In the records below, find the line containing "2015 Toyota Highlander фото"; restate it and every later line word for word, through the last.
---------- Entries provided
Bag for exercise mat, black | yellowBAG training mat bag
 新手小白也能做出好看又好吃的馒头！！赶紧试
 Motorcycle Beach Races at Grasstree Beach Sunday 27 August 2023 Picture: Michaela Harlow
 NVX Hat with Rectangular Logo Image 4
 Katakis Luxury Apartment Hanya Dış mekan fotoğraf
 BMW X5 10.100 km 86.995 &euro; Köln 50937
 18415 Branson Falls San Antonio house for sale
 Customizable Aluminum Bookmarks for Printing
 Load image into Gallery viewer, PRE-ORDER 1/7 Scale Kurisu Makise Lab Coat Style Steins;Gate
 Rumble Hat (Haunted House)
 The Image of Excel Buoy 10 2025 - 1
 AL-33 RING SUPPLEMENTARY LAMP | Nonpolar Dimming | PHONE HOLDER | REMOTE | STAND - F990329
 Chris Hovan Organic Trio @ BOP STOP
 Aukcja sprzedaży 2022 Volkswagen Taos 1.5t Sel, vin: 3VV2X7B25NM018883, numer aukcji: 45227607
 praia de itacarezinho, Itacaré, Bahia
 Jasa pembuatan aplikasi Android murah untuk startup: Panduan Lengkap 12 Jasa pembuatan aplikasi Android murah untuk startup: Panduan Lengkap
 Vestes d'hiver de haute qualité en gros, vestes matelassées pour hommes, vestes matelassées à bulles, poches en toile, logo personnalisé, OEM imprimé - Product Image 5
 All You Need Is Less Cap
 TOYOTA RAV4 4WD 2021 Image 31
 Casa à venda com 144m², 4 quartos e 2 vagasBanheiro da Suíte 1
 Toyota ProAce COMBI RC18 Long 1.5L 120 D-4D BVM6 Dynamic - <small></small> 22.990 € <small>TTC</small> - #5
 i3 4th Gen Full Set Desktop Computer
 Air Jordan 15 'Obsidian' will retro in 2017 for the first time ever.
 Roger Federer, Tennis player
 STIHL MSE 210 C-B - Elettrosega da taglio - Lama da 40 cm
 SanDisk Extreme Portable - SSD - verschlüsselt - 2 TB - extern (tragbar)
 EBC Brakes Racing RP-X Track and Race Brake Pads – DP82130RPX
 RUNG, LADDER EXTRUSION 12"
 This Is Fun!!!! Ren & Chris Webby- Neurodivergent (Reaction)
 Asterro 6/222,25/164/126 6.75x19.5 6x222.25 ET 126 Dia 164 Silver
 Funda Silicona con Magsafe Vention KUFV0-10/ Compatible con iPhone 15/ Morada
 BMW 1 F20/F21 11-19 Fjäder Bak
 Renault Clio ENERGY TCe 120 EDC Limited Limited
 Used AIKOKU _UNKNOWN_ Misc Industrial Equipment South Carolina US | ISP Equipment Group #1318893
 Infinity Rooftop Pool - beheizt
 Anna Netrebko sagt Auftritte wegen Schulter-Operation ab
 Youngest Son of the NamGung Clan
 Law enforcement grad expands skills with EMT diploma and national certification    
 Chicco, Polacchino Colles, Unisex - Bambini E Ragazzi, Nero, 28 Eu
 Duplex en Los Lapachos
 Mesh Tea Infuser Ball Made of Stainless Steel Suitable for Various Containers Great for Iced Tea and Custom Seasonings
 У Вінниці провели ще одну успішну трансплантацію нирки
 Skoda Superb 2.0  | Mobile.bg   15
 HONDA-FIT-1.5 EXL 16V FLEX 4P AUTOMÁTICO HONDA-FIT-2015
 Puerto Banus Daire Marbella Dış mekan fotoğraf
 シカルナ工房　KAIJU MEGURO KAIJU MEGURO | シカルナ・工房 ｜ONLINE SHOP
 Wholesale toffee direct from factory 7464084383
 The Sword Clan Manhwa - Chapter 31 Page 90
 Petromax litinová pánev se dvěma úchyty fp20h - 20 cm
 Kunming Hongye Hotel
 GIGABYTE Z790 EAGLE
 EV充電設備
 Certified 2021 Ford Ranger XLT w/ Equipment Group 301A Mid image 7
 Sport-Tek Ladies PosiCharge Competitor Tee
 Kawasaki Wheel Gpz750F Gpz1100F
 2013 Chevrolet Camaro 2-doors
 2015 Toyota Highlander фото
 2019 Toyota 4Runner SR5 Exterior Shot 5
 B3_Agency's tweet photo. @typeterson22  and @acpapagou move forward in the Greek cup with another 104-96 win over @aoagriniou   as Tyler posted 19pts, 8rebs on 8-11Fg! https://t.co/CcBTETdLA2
--------------------
▸ **Worked solution**:
 2015 Toyota Highlander фото
 2019 Toyota 4Runner SR5 Exterior Shot 5
 B3_Agency's tweet photo. @typeterson22  and @acpapagou move forward in the Greek cup with another 104-96 win over @aoagriniou   as Tyler posted 19pts, 8rebs on 8-11Fg! https://t.co/CcBTETdLA2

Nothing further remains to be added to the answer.